Only 24 hours earlier, the former Head of State assured he would not resign. Then the video was distributed by media and through social networks and indignation grew so much that no communications strategy could withstand the onslaught against the president’s hyper-vulnerability. By that time he was politically weak, and the president was unable to anticipate or weather the political and reputational reality that befell him. Therefore, he had to stand down.
In the private sector, hyper-connectivity has also had a negative impact on companies whose reputations classified them as bearers of a love bite. Last year, a prestigious firm of dairy products had to change the visual identity of one of its brands because outside information went viral in just a few hours. A nutritional compound with properties very similar to milk had been positioned as that product, and its label even contained the picture of a cow. The brand was questioned by consumers so strongly that the company, under pressure from authorities, was forced to withdraw it from the market and run a vast awareness campaign to provide an explanation of the product, presenting human testimonials of the favorable effect its product would have on thousands of humble Peruvian livestock farming families.
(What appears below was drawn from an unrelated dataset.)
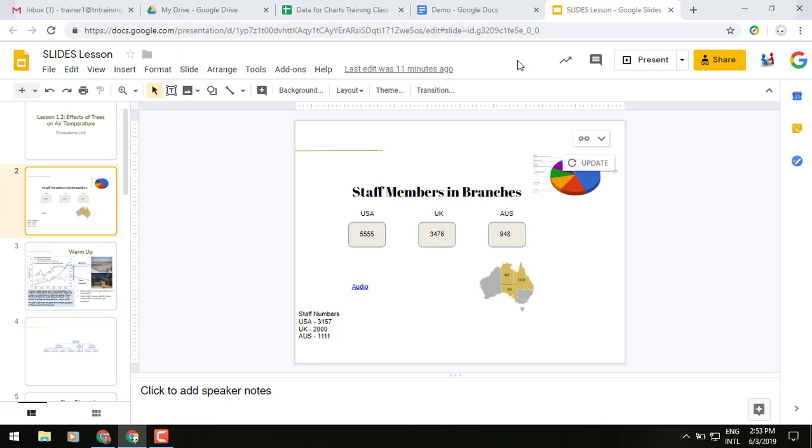So recently Google had added an update where you could link spreadsheets and charts into your different slide presentations. And then as you see in the upper right corner of my screen here, I have an update button. When something gets changed on one of those spreadsheets or charts, we can click on update and it updates the information in our slide.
Access to technology has empowered a lot of people, encouraging them to express their thoughts, feelings and emotions and to identify and assert themselves. Numerous groups have announced themselves through social networks and attracted attention from other members of the national and international community.
Hyper-connectivity generates hyper-vulnerability for anyone who has been betrayed or exposed to public opinion through social networks. But in itself, hyper-connectivity is also subject to the vulnerability of its own achievements
Hyper-connectivity generates hyper-vulnerability for anyone who has been betrayed or exposed to public opinion through social networks. But in itself, hyper-connectivity is also subject to the vulnerability of its own achievements. The more people who are interconnected, the greater the chance one questionable event will be “replaced” by another. Hyper-connectivity generates an exponential wave, but its fall from the spotlight is usually abrupt.
In a sudden crisis of hyper-connectivity, it is advisable to check whether what happened is addressed among your prevention measures. Otherwise, the first thing to do is always to study the situation carefully and possibly have a previously trained spokesperson acknowledge what happened, then announce corrective measures against those responsible. In some cases, unfortunately, a scapegoat must be found, as someone must take responsibility for the incident. Public opinion rejects conduct that reveals complicity or shows a superficial or banal attitude toward events that are, in and of themselves, reprehensible.